**Action item**.
Everything from the line holding "Oprawa HALOGENOWA Podtynkowa" through the last line below is needed; please reproduce those lines exactly, adding nothing.

**Entries shown**.
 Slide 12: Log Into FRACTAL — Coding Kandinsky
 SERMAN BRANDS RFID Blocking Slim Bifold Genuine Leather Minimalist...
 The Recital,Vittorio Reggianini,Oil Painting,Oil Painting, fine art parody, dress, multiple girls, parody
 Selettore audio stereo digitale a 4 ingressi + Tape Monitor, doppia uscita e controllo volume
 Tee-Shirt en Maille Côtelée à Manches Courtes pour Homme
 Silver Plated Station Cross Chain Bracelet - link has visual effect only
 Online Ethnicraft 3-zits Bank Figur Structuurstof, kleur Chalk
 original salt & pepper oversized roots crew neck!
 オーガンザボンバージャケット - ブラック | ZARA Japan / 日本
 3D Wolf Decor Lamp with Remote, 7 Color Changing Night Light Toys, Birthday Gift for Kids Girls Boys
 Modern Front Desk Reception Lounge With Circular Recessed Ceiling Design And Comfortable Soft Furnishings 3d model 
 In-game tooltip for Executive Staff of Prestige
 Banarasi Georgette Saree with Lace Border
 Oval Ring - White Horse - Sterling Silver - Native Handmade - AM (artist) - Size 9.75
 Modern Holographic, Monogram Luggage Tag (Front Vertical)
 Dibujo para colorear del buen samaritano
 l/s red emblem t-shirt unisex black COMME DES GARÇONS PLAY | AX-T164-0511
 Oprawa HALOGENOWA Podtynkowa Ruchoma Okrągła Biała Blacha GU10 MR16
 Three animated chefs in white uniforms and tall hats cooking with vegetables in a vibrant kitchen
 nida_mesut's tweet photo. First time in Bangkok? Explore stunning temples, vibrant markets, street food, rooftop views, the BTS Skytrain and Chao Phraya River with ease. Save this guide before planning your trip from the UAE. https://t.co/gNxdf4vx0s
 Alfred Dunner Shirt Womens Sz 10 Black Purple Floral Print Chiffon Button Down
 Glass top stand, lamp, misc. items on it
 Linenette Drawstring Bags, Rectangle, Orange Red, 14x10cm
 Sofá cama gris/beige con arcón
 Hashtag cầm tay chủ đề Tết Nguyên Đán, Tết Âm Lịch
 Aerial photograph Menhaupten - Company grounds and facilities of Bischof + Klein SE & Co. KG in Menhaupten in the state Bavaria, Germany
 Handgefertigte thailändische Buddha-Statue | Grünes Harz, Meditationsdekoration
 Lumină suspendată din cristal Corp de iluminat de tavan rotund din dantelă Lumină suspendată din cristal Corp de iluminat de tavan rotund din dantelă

**Exercise result**.
 Oprawa HALOGENOWA Podtynkowa Ruchoma Okrągła Biała Blacha GU10 MR16
 Three animated chefs in white uniforms and tall hats cooking with vegetables in a vibrant kitchen
 nida_mesut's tweet photo. First time in Bangkok? Explore stunning temples, vibrant markets, street food, rooftop views, the BTS Skytrain and Chao Phraya River with ease. Save this guide before planning your trip from the UAE. https://t.co/gNxdf4vx0s
 Alfred Dunner Shirt Womens Sz 10 Black Purple Floral Print Chiffon Button Down
 Glass top stand, lamp, misc. items on it
 Linenette Drawstring Bags, Rectangle, Orange Red, 14x10cm
 Sofá cama gris/beige con arcón
 Hashtag cầm tay chủ đề Tết Nguyên Đán, Tết Âm Lịch
 Aerial photograph Menhaupten - Company grounds and facilities of Bischof + Klein SE & Co. KG in Menhaupten in the state Bavaria, Germany
 Handgefertigte thailändische Buddha-Statue | Grünes Harz, Meditationsdekoration
 Lumină suspendată din cristal Corp de iluminat de tavan rotund din dantelă Lumină suspendată din cristal Corp de iluminat de tavan rotund din dantelă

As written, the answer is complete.